Member of the Michigan Senate from the 7th district
- In office 1987–2003
- Preceded by: James R. DeSana
- Succeeded by: Bruce Patterson

Personal details
- Born: Christopher Dennis Dingell February 23, 1957 (age 69) Washington, D.C., U.S.
- Party: Democratic
- Relations: John Dingell (father) John Dingell Sr. (grandfather) Debbie Dingell (stepmother)
- Education: University of Michigan, Detroit College of Law
- Occupation: Judge, lawyer

= Christopher D. Dingell =

American politician (born 1957)

Christopher Dennis Dingell (born February 23, 1957) is an American former politician and current judge.

==Background==
From Trenton, Michigan, Dingell studied materials and metallurgical engineering at the University of Michigan.
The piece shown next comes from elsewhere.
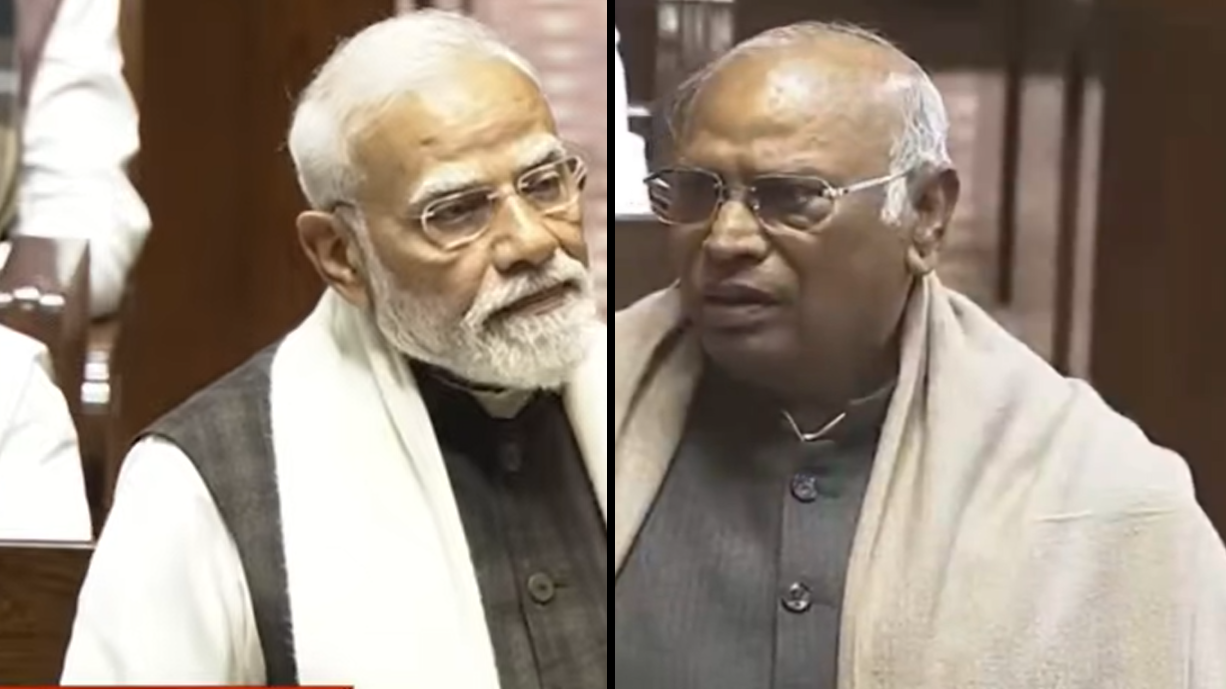 PM को 'आतंकवादी' कहने पर खड़गे को नोटिस; मोदी के ख़िलाफ़ शिकायत पर ECI ने क्या किया? PM को 'आतंकवादी' कहने पर खड़गे को नोटिस; मोदी के ख़िलाफ़ शिकायत पर ECI ने क्या किया?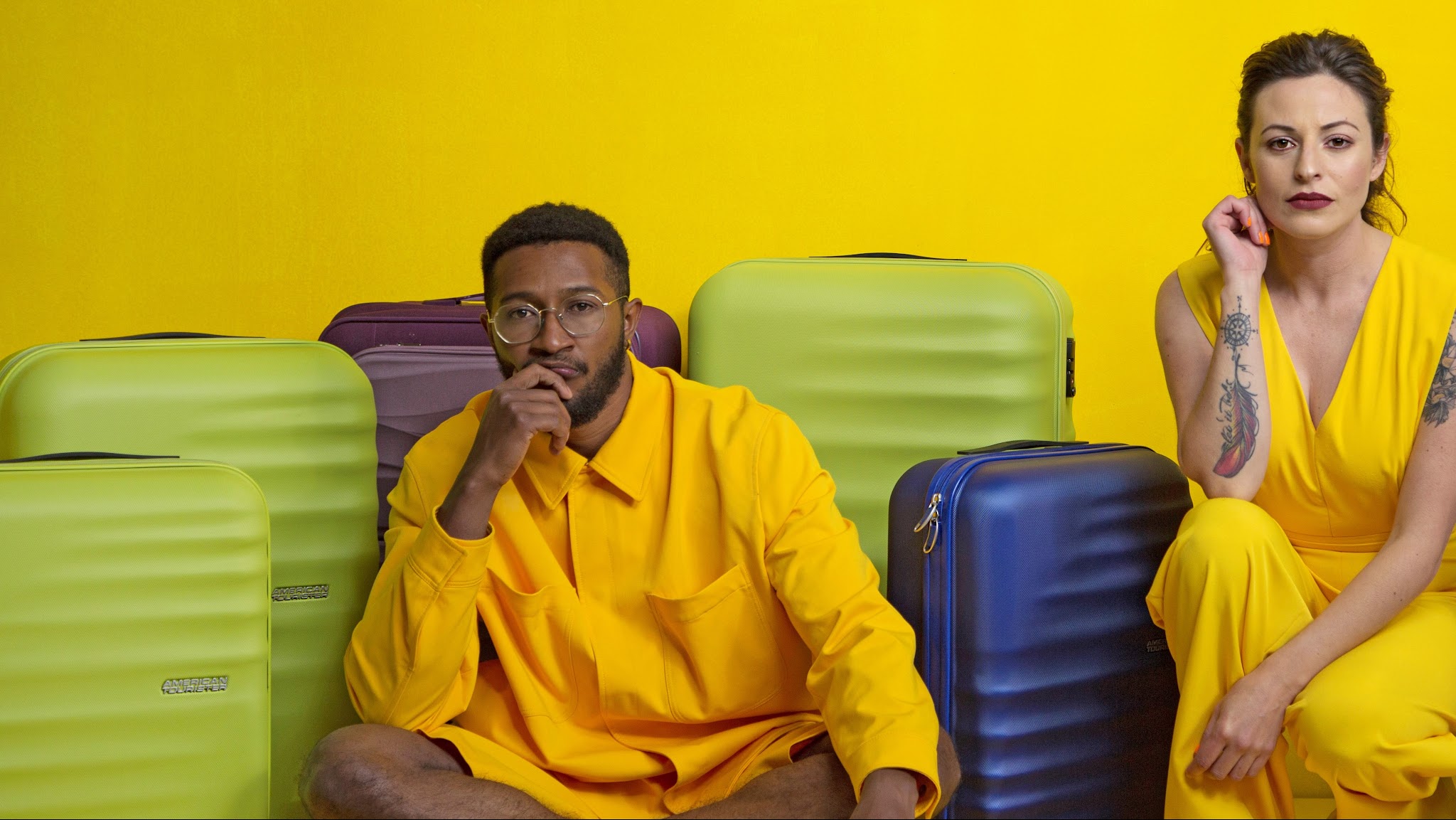 American Tourister YouTube banner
He then received his bachelor's degree from University of Michigan in 1978 and his J.D. degree from Detroit College of Law in 1986. He served in the Michigan State Senate from 1987 to 2003 and was a Democrat. A third-generation politician, his grandfather John Dingell Sr., father John Dingell Jr., and stepmother Debbie Dingell have successively represented suburban Detroit in the United States House of Representatives since 1932. Dingell then began working as a Michigan Circuit Court judge, now as member of 3rd Circuit for Wayne County.

Dingell is of Polish descent, through his great-grandparents who were immigrants from Bączal Górny.